The global study confirmed previous data that shows that the greatest curbs on religious freedoms in Africa, the Middle East and South Asia take place in Muslim-majority countries.
It found that out of the 11 countries experiencing worsening persecution, nine were under “extreme pressure from Islamist violence”, and seven of these experienced persecution at the hands of both militant groups and state-sponsored oppression.
It also noted substantial discrimination against Christians in communist societies such China and North Korea, in India from Hindu nationalists, and from Buddhist nations like Burma.
The report discusses a phenomenon it refers to as ‘hyper-extremism’, seen in groups like Daesh.
ACN describes this as a radical creed, combined with systematic attempts to drive out groups who do not conform to their beliefs. Hyper-extremism involves mass killings “glorying in the brutality inflicted on its victims, which is paraded on social media”.

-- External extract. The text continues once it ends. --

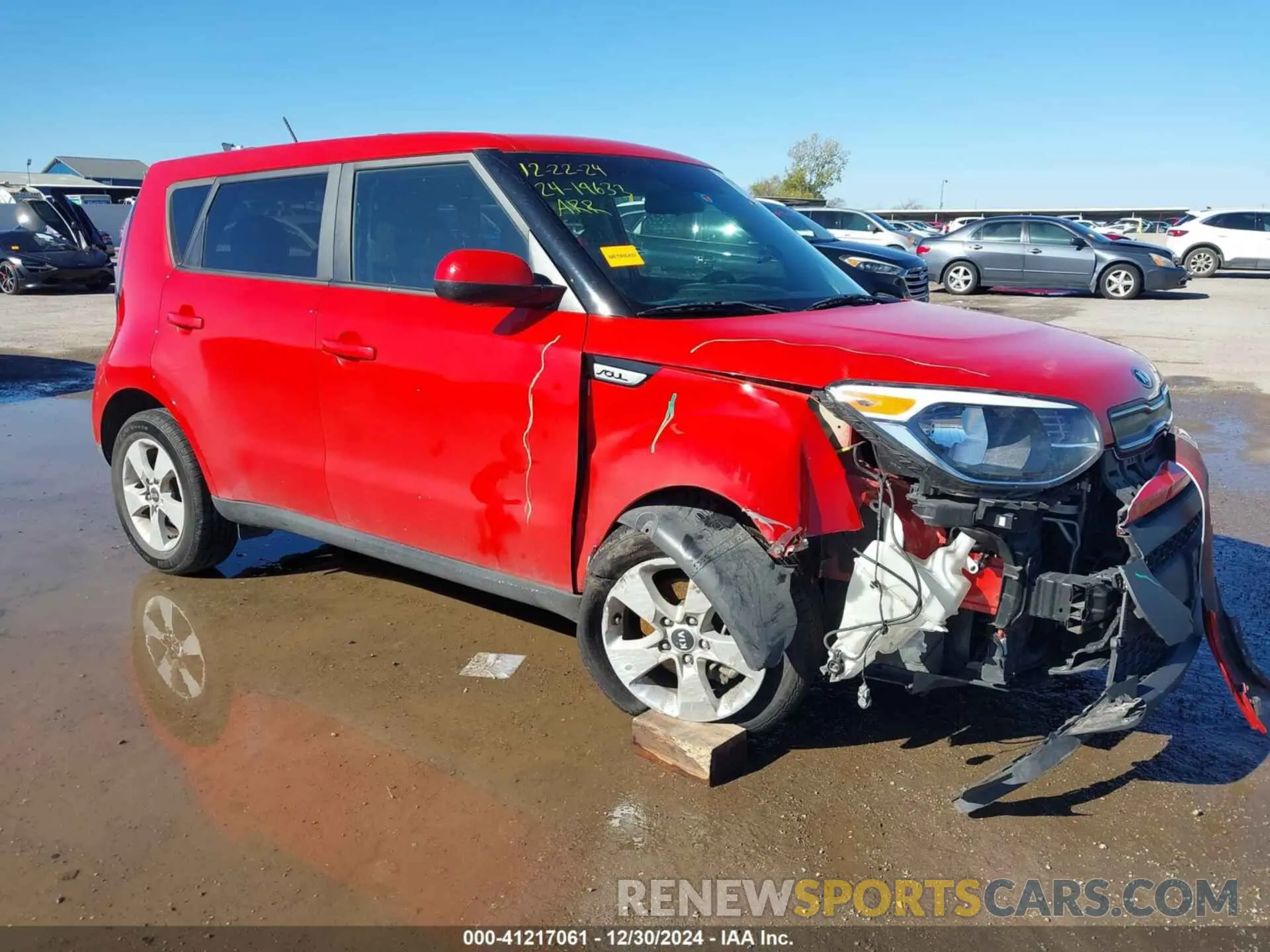 1 Photograph of a damaged car KNDJN2A23K7023266 KIA SOUL 2019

The study stated: “A virulent and extremist form of Islam emerged as the number-one threat to religious freedom.
“It emerged that a massive upsurge in violence and instability linked to Islamism had played a significant role in creating an explosion in the number of refugees.”
John Pontifex, who edited the report, said: “The atrocities committed by these aggressive Islamist groups in Syria, Iraq, Libya and by their affiliates elsewhere have arguably been one of the greatest setbacks for religious freedom since the Second World War. What has properly been described as genocide, according to a UN convention which uses that term, is a phenomenon of religious extremism almost beyond compare.”
The General Bishop of the Coptic Orthodox Church in the UK, Anba Angaelos, commented on the campaign: “At a time in our contemporary history when we must be most aware of rights and liberties given by God and enshrined in various laws and international conventions, it is unfathomable that some still suffer, are marginalised and persecuted, for the faith they choose to hold, or even reject.”